• _Source information_:
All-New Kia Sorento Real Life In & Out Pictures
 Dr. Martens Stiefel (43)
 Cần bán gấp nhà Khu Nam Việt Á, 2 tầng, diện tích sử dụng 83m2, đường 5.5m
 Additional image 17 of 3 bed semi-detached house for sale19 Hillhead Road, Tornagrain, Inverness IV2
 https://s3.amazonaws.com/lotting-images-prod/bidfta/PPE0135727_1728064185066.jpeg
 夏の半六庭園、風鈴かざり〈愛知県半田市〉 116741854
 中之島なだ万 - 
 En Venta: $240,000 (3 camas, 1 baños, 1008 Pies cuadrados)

• _Your objective_:
Your answer should hold exactly the lines from the one containing "Additional image 17" to the last line of the data, both included, and no others.

• _Answer for this exercise_:
 Additional image 17 of 3 bed semi-detached house for sale19 Hillhead Road, Tornagrain, Inverness IV2
 https://s3.amazonaws.com/lotting-images-prod/bidfta/PPE0135727_1728064185066.jpeg
 夏の半六庭園、風鈴かざり〈愛知県半田市〉 116741854
 中之島なだ万 - 
 En Venta: $240,000 (3 camas, 1 baños, 1008 Pies cuadrados)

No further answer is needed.